TASK GOAL: Transcribe every line from the one containing "so it has to" through the end of the records below, exactly, but not the pictures.

Source data:

┏━━

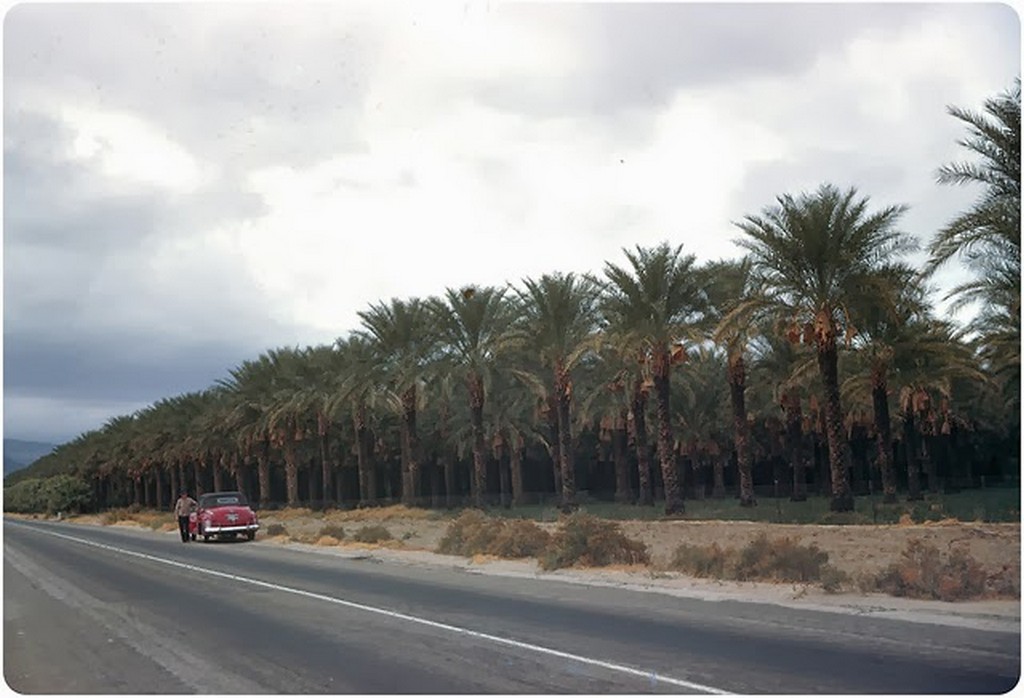 23 Date Grove between Los Angeles & Las Vegas — Early 50s.jpg
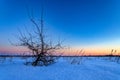 Winter morning landscape. Winter sunrise with a lonely tree. Royalty Free Stock Photo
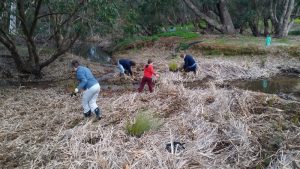 volunteers planting at Beenyup Brook, Western Australia 2016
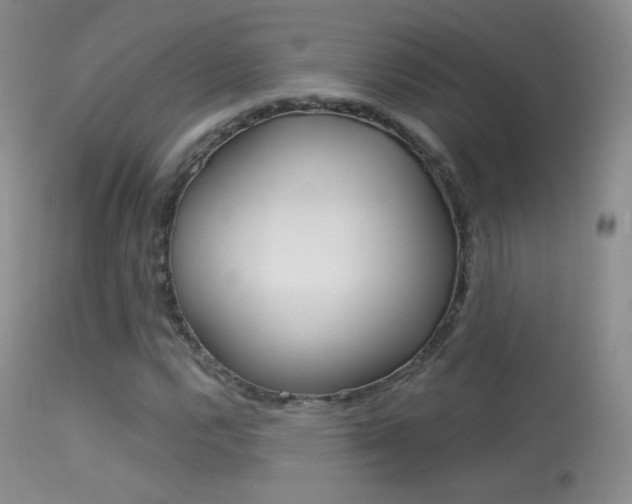 X0000113611112200909181045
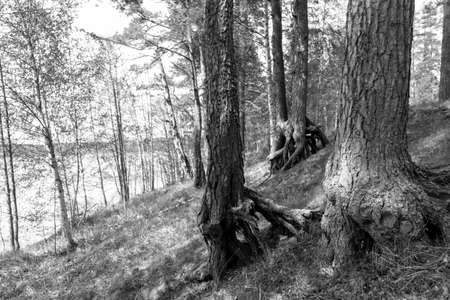 Trunks of old pine trees in the summer forest.の写真素材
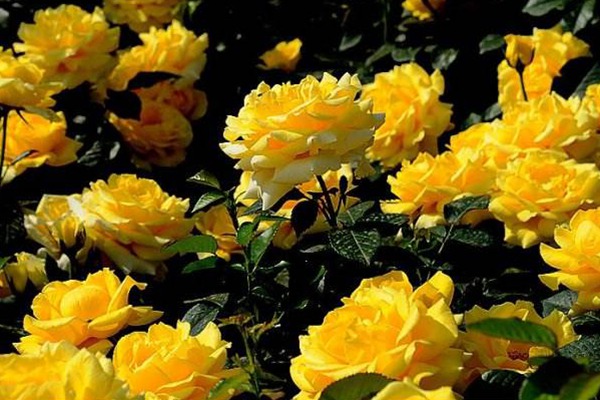 黄从容 黄从容Yellow Leisure Liness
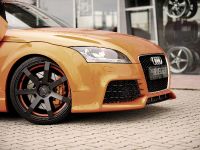 Rieger Audi TT 8J (2011)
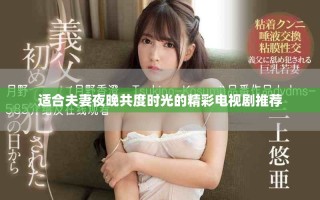 適合夫妻夜晚共度時(shí)光的精彩電視劇推薦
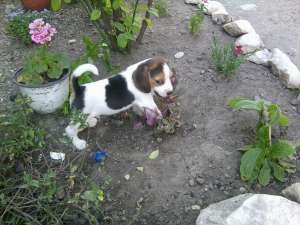 pui BEAGLE de 6 saptamini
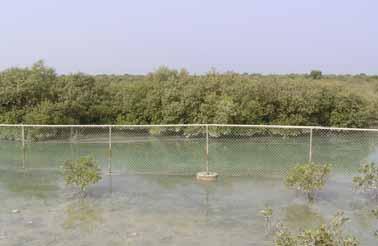 so it has to be protected There are about 20 000 to 25 000 ha of mangrove in Iran In Nay Band Bay, the interaction of people and nature over time has produced an area of distinct character with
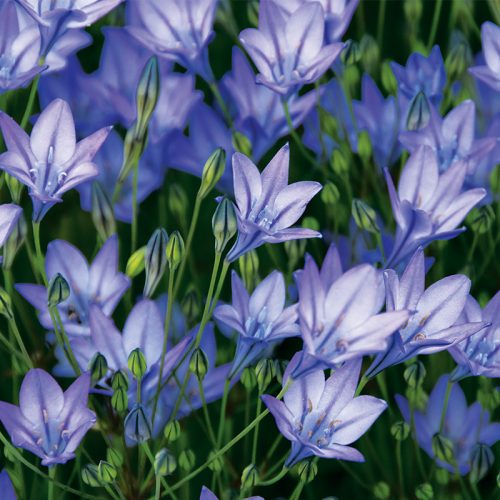 Brodiaea laxa Reine Fabiola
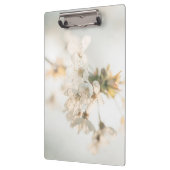 さくらんぼ自然写真 クリップボード (左)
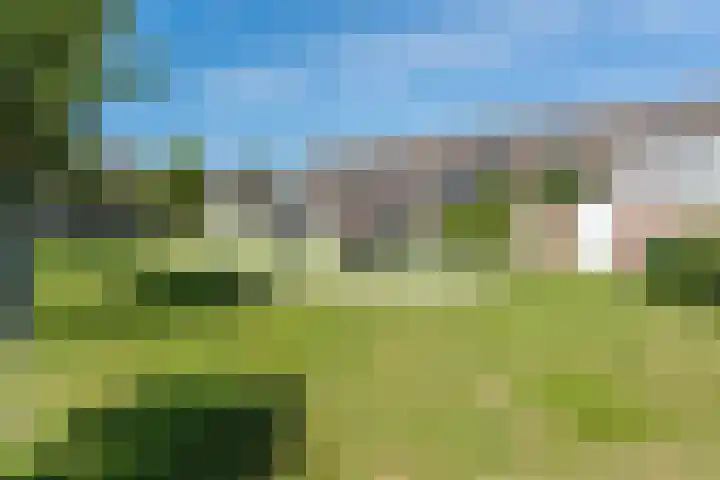 Scholekster 27 Noordwijk thumbnail 35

┗━━

RESULT OF THE EXERCISE:
 so it has to be protected There are about 20 000 to 25 000 ha of mangrove in Iran In Nay Band Bay, the interaction of people and nature over time has produced an area of distinct character with
 Brodiaea laxa Reine Fabiola
 さくらんぼ自然写真 クリップボード (左)
 Scholekster 27 Noordwijk thumbnail 35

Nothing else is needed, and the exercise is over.